── Records provided
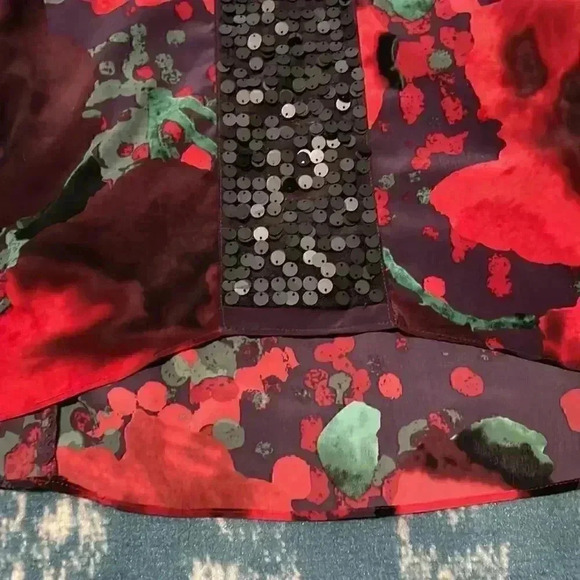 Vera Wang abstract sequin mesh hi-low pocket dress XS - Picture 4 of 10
────
── Records provided
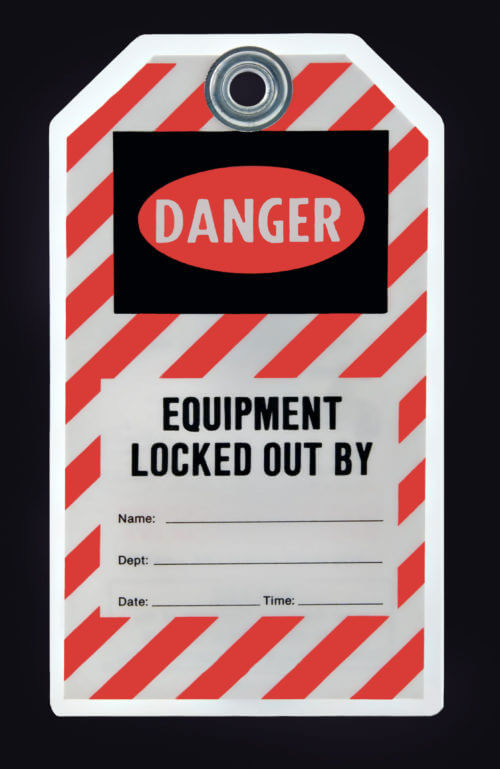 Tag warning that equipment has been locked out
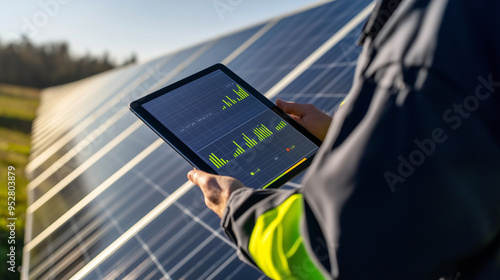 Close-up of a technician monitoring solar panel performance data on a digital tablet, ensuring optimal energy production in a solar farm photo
────
=== Description of the task ===
Only one stretch of the listing above is to be duplicated: the lines from the one containing "Tag warning that" through the one containing "Close-up of a", both included. Copy them exactly, minus the pictures.

=== Solution ===
 Tag warning that equipment has been locked out
 Close-up of a technician monitoring solar panel performance data on a digital tablet, ensuring optimal energy production in a solar farm photo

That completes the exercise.